Every line below between the one holding "and to the rejection" and the one holding "Net Worth of John Grisham", inclusive, should be copied exactly, and no other line.
::::
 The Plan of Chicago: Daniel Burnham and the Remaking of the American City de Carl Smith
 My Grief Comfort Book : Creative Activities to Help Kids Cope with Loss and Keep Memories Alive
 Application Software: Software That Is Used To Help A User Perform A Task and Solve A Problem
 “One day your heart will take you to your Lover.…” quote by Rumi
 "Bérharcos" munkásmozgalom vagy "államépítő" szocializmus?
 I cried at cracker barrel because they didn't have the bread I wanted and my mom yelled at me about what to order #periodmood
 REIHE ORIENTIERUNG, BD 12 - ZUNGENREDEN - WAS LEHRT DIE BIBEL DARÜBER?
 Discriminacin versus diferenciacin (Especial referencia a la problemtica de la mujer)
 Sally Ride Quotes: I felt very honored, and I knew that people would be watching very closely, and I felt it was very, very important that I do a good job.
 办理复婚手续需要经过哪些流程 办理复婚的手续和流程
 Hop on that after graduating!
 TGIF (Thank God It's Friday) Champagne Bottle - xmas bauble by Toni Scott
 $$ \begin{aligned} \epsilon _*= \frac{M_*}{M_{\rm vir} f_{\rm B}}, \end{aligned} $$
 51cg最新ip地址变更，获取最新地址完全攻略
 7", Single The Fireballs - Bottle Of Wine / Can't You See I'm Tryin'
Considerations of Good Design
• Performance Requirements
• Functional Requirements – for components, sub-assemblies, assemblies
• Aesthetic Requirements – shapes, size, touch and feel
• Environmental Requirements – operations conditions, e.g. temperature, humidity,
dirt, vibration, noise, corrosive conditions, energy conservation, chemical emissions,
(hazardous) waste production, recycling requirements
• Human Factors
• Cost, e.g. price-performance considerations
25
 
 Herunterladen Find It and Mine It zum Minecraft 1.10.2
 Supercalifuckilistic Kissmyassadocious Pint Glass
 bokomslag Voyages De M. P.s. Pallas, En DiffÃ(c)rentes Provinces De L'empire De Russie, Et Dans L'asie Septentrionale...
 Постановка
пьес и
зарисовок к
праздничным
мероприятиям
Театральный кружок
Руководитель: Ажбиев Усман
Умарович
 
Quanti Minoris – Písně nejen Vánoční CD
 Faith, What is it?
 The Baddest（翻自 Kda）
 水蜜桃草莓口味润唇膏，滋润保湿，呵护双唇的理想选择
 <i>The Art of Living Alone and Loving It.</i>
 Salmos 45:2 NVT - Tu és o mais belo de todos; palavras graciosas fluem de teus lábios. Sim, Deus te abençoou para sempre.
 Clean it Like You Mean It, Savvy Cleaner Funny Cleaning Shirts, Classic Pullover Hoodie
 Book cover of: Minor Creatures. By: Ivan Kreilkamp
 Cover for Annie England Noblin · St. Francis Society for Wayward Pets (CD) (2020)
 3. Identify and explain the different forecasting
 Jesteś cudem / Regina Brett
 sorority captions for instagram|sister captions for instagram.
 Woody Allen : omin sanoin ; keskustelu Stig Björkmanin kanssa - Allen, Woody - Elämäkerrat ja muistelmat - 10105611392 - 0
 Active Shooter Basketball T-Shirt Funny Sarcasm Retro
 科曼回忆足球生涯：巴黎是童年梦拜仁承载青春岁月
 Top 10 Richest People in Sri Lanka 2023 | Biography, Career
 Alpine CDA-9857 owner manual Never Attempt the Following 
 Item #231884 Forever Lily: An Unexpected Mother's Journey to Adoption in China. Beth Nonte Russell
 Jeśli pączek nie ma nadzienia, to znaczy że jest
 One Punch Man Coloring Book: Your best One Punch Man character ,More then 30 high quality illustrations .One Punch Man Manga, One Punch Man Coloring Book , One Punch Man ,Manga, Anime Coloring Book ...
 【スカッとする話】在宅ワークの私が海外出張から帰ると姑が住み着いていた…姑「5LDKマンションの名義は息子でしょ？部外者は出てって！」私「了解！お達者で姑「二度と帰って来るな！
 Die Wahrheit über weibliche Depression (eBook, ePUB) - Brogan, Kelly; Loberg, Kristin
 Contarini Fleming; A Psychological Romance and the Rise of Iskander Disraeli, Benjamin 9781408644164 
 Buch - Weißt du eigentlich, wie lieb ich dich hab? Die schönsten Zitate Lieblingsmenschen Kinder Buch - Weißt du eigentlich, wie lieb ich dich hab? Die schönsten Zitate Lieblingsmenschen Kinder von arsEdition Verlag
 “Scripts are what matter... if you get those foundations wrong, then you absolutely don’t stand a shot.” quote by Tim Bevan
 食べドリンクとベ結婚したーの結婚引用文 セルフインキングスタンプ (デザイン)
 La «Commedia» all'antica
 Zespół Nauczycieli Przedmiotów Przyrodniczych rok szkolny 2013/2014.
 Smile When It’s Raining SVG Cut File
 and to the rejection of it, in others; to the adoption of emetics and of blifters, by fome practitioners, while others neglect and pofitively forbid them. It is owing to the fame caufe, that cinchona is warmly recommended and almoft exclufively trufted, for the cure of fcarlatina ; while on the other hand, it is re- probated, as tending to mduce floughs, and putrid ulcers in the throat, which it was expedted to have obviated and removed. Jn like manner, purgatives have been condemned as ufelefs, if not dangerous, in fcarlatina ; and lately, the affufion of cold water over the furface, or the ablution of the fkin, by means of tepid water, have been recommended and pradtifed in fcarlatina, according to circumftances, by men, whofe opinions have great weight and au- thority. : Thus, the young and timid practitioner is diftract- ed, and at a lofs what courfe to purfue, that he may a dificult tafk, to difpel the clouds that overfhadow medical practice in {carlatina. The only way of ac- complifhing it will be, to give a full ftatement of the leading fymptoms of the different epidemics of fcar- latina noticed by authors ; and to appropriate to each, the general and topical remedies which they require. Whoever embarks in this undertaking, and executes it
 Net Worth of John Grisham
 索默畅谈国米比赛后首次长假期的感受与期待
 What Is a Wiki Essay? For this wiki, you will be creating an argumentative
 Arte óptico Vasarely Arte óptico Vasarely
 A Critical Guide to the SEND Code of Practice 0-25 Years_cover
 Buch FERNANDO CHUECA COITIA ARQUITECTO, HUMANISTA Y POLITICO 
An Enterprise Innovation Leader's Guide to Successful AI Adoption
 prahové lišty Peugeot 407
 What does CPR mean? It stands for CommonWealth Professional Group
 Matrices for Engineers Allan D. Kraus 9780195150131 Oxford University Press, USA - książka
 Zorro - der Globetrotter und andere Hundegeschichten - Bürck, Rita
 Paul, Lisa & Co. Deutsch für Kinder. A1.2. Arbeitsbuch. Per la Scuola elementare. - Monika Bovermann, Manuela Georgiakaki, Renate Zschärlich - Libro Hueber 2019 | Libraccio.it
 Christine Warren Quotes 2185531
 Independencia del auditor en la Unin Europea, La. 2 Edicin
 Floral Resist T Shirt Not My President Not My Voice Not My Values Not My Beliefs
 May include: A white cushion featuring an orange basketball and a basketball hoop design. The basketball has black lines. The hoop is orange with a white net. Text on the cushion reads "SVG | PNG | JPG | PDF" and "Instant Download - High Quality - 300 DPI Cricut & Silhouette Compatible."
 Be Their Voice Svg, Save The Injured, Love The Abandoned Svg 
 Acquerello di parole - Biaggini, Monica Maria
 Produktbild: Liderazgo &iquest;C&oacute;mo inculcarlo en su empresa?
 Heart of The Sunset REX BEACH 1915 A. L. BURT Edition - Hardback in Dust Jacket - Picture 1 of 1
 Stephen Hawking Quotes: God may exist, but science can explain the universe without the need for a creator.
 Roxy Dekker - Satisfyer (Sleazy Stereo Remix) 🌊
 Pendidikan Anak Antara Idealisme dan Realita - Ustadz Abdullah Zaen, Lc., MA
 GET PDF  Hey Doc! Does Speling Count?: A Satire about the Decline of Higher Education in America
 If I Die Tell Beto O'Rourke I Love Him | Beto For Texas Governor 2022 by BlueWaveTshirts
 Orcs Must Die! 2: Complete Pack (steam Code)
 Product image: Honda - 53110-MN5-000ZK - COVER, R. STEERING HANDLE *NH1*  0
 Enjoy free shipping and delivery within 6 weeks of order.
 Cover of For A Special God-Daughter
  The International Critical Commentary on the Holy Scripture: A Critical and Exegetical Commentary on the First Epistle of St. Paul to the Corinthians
::::
• RESPONSE AREA:
 and to the rejection of it, in others; to the adoption of emetics and of blifters, by fome practitioners, while others neglect and pofitively forbid them. It is owing to the fame caufe, that cinchona is warmly recommended and almoft exclufively trufted, for the cure of fcarlatina ; while on the other hand, it is re- probated, as tending to mduce floughs, and putrid ulcers in the throat, which it was expedted to have obviated and removed. Jn like manner, purgatives have been condemned as ufelefs, if not dangerous, in fcarlatina ; and lately, the affufion of cold water over the furface, or the ablution of the fkin, by means of tepid water, have been recommended and pradtifed in fcarlatina, according to circumftances, by men, whofe opinions have great weight and au- thority. : Thus, the young and timid practitioner is diftract- ed, and at a lofs what courfe to purfue, that he may a dificult tafk, to difpel the clouds that overfhadow medical practice in {carlatina. The only way of ac- complifhing it will be, to give a full ftatement of the leading fymptoms of the different epidemics of fcar- latina noticed by authors ; and to appropriate to each, the general and topical remedies which they require. Whoever embarks in this undertaking, and executes it
 Net Worth of John Grisham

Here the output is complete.